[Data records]
________

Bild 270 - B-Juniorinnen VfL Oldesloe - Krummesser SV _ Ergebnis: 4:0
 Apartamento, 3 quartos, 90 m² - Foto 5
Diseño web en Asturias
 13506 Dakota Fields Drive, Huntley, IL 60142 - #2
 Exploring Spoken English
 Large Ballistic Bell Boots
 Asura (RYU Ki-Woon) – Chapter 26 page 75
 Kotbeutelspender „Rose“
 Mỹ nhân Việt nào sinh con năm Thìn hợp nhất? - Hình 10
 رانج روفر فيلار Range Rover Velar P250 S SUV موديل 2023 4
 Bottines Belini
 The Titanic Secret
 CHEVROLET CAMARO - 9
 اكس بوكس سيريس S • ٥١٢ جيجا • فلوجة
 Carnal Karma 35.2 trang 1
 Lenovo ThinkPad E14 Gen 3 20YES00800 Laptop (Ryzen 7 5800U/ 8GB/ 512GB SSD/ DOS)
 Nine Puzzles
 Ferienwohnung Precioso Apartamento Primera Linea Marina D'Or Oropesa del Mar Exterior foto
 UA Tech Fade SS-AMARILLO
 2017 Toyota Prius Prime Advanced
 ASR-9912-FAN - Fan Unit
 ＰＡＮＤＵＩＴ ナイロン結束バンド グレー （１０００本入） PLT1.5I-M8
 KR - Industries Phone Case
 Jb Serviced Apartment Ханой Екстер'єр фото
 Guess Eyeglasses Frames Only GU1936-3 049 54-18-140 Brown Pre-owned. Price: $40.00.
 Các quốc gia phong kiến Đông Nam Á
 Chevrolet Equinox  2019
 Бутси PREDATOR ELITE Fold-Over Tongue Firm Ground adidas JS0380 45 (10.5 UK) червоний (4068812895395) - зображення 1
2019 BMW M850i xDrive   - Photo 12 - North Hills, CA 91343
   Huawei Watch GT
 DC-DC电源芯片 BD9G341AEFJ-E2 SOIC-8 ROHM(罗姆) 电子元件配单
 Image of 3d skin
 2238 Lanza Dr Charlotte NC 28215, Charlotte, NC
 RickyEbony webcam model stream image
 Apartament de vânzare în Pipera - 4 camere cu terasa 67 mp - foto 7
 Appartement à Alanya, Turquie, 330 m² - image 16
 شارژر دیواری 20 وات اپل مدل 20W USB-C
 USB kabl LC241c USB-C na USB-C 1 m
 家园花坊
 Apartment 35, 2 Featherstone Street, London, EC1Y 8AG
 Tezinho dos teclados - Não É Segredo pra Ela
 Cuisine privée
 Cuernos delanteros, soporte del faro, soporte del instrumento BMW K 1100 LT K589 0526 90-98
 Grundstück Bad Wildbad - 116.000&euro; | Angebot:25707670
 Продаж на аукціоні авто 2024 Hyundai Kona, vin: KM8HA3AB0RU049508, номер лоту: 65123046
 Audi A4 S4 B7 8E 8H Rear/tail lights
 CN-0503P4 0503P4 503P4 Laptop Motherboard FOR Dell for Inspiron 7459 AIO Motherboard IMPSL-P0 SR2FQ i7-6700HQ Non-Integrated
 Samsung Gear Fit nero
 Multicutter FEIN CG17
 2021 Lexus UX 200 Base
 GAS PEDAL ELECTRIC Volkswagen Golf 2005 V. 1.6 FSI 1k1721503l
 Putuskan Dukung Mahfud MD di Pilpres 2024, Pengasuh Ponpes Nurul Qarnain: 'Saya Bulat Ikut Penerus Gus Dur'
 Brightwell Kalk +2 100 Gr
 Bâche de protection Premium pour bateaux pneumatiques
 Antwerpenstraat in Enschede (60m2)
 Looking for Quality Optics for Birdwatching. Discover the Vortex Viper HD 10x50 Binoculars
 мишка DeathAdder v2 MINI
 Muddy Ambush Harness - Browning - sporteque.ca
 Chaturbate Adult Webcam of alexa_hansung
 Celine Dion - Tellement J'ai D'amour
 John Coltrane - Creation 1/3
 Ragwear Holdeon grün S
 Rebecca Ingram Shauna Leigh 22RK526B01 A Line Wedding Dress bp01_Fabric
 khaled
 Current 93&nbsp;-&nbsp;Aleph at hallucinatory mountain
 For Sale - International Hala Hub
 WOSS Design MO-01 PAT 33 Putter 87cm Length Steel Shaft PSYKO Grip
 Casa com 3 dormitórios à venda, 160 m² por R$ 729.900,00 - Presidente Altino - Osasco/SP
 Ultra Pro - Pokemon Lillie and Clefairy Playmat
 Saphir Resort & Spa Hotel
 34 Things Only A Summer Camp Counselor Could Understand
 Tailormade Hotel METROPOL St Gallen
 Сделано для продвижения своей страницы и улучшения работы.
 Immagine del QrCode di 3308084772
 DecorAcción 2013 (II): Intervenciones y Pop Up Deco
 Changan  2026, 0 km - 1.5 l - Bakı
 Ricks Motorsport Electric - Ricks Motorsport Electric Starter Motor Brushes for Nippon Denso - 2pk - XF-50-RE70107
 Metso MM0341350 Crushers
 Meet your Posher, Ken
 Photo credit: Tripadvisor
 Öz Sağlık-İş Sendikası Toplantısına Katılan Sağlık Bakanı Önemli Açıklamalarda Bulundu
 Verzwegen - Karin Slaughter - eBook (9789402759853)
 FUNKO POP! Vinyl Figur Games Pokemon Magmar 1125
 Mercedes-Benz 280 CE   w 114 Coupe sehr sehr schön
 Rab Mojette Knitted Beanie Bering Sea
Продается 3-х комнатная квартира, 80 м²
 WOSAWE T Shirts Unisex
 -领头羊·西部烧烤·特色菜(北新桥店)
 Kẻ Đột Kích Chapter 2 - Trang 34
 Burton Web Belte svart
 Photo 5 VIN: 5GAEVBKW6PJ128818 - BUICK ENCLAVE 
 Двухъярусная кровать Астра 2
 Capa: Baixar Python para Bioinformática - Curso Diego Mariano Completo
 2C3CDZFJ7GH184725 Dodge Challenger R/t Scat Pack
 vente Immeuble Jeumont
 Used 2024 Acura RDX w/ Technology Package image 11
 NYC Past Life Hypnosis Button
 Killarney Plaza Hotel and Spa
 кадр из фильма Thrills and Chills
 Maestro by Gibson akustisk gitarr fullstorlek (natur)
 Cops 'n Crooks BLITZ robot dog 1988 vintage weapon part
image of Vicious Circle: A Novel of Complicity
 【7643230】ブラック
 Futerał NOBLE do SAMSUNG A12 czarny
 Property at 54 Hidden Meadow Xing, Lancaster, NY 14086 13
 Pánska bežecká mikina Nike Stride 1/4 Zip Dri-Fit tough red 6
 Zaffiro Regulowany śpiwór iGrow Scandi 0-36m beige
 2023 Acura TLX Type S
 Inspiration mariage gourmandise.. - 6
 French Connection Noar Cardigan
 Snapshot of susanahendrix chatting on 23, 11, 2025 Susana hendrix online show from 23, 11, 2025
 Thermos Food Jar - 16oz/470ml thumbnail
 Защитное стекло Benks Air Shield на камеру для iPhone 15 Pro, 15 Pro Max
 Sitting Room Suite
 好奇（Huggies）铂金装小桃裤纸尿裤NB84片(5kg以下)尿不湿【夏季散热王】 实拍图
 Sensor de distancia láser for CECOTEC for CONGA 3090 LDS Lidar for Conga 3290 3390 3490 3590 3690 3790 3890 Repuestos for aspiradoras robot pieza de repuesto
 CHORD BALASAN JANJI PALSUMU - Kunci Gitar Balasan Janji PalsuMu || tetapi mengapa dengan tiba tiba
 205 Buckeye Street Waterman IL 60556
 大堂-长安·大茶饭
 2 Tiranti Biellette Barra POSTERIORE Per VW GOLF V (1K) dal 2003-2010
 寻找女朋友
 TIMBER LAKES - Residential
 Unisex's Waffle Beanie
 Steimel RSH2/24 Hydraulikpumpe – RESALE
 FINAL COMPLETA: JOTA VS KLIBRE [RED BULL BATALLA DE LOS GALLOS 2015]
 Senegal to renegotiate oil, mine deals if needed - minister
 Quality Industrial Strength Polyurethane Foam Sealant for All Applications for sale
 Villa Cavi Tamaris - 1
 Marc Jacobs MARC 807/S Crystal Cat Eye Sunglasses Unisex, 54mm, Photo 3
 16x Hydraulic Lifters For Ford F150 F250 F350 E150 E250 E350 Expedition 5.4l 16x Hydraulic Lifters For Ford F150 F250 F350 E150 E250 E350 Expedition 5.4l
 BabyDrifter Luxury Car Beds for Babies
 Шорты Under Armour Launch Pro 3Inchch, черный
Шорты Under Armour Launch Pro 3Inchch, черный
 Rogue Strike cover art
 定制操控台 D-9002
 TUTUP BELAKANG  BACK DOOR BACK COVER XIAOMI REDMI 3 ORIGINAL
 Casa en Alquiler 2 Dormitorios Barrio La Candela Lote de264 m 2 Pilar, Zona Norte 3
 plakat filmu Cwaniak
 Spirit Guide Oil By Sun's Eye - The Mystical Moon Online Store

________

▶ **Exercise requirements**
Reproduce only this range: the first line of the data above through the line with "Mỹ nhân Việt", both included, exactly as written.

▶ **Finished task**
Bild 270 - B-Juniorinnen VfL Oldesloe - Krummesser SV _ Ergebnis: 4:0
 Apartamento, 3 quartos, 90 m² - Foto 5
Diseño web en Asturias
 13506 Dakota Fields Drive, Huntley, IL 60142 - #2
 Exploring Spoken English
 Large Ballistic Bell Boots
 Asura (RYU Ki-Woon) – Chapter 26 page 75
 Kotbeutelspender „Rose“
 Mỹ nhân Việt nào sinh con năm Thìn hợp nhất? - Hình 10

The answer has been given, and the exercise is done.